The vigorous brushwork and impasto of The Mulberry Tree fascinate me. They pull the viewer into a textured, three-dimensional world completely unlike the studied, clean lines of classical painting. The gallery’s object label goes so far as to describe it as “almost a bas-relief sculpture.” The contrast between the bright, rocky hillside, the aeneous autumnal colours of the tree, and the deep blue sky gives the painting a special liveliness and vibrancy. It reminds me of—or, better, evokes in me the feeling of—the natural world. And although the landscape of Saint Rémy is not the landscape of my youth, I am transported back, in an almost Proustian manner, to years spent living under the open sky when I worked as a climbing guide before returning to graduate school.

However, on this particular midwinter day, I found myself disturbed and distracted, unable to connect to the painting or to familiar, embodied memories of the natural world. Two weeks earlier, Russian military forces had poured into Ukraine. The invasion, of course, had not been a surprise. Putin’s thinking, like that of all tyrants and bullies, is oderint dum metuant (“let them hate, so long as they fear”). It seemed obvious that he had aspirations to establish a “greater Russia,” and clear that that no one in the West was going to stand up forcefully enough to deter him. So, it wasn’t shock or surprise that distracted me that midwinter day; it was, rather, my heightened awareness of suffering consuming people very like myself while I strolled the halls of the museum, idly reflecting on post-impressionist painting. A landscape being razed. A culture under siege. Civilians being executed. Women assaulted. Children orphaned and displaced. Meanwhile, my fellow museum-goers drifted across the cool shadows of the gallery to contemplate Cézanne’s Tulips in a Vase.

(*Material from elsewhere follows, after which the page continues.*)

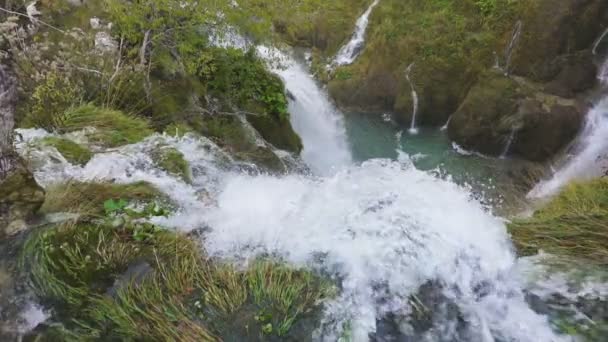 Cascadas en el Parque Nacional de los Lagos de Plitvice, cámara lenta — Vídeo de stock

In the face of the horror unfolding in Eastern Europe, how could one have the impudence to spend the afternoon in reverie or aesthetic contemplation? Such trifling pastimes seemed unjustifiable, monstrous even. I found myself scandalised by the thought of returning to the university to spend the evening talking with my students about narrative identity in James Joyce’s The Dead.

My thoughts drifted back to graduate school, where I struggled for a time with the value of studying philosophy rather than using my skills and energies, however humble, to make a more direct impact on the world: feeding the hungry, sheltering the displaced, protecting the environment. Most academics write papers primarily for other academics, and publish them in journals that often go unread even by the academics for whom they are written. I’d say there is an onanistic quality to the endeavour, except that the abstract, restrained, and bloodless character of most academic writing falls short of even the pleasures of onanism. A friend in Boston tried to reassure me by reminding me that a life of teaching was its own kind of sacrifice, a “spiritual act of mercy” that, while not interchangeable with “corporeal acts of mercy” like feeding the hungry or clothing the naked, was nonetheless a necessary and essential good in the world. But, in the face of abominable injustice, grotesque suffering, or existential threat, it’s hard not to question the value of disinterested reflection and reverie, of poetry, of art, of the humanities more broadly.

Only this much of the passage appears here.